Christian S Christian S - 1 month ago 9
Python Question

Replacing single words with re.sub in python

Spoiler: Yes this is an assignment. It is solved, but for personal interest I want to know the below.

So at the moment working with a syntax marker for an assignment, in which we input a file, and using a dictionary of regexes, colour them (keywords) accordingly.

Having some issues, though.

for i in iterations:
pass


in this above line, using a regex
r'(\t*for.*in.*?:.?)'
will work, but it will colour the entire line. While that is allowed, I would really like for it to only mark
for/in
.

Trying with
r'(\bfor\b|\bin\b)'
is not being kind, nor
r'(for)'
, or r'(\sfor\s)'.

I read the whole code into one string and use re.sub() to replace all occurences with
colour + r'\1' + colour_end
where colour specifies colour sequences.

Answer

You may use capturing and backreferences:

^(\t*)(for\b)(.*)\b(in)\b(.*?:)

Replace with $1<color>$2</color>$3<color>$4</color>$5. See the regex demo.

Here, the expression is split into 5 subparts with (...) capturing groups. In the replacement pattern, those values captured are referred to with backreferences having $+n format where n is the ID of the capturing group inside the pattern.

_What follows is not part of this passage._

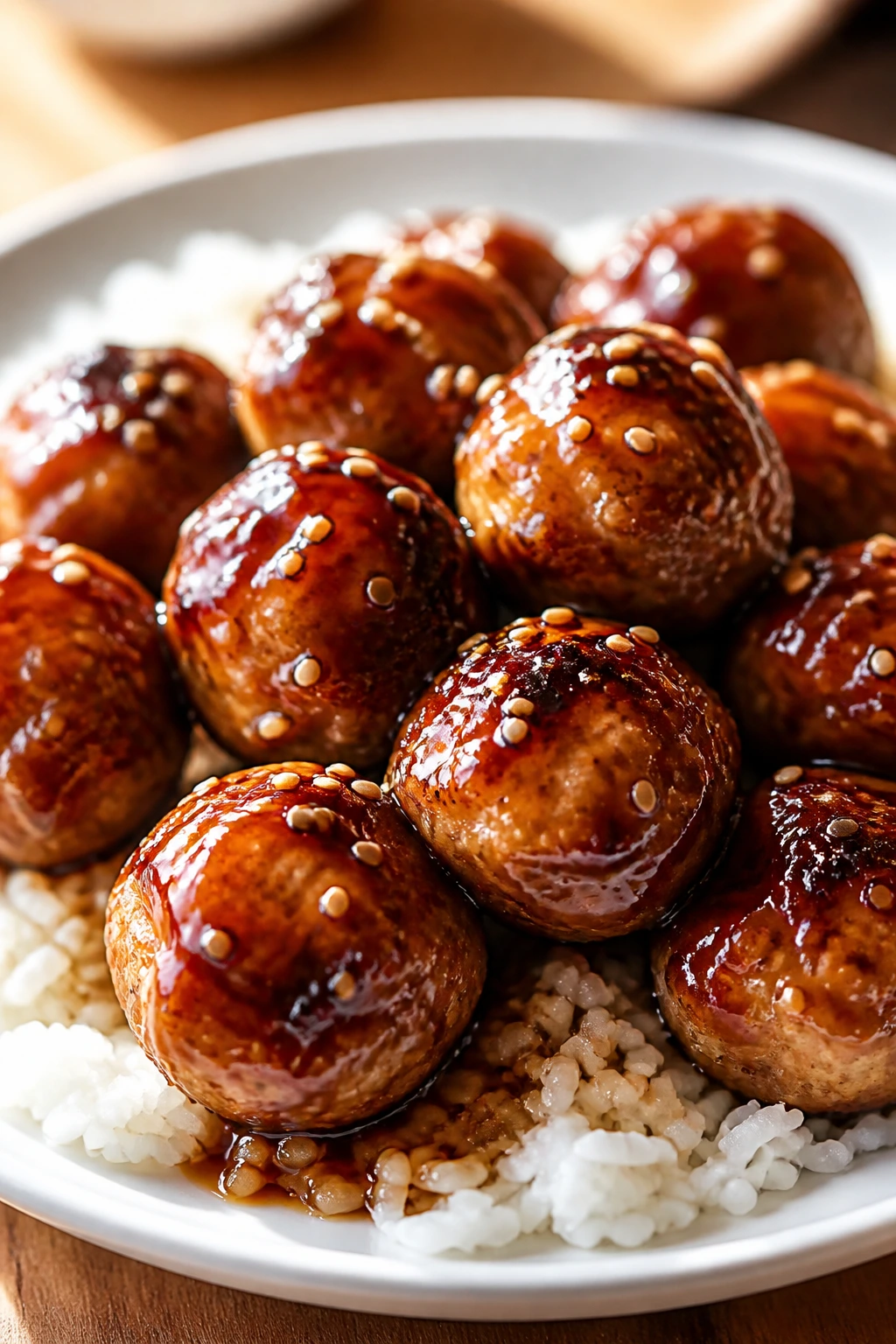 Glossy teriyaki chicken meatballs on plate with sesame seeds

If you have no chance to run 1 regex with multiple capturing groups, run two on end:

  • ^(\t*)for\b(?=.*\bin\b.*?:) --> $1<color>for</color> (see this demo)
  • ^(\t*for\b.*)\bin\b(?=.*?:) --> $1<color>in</color> (see another demo).

The single capturing group is around the part before the word, and the part after the word is not matched but checked with a positive lookahead.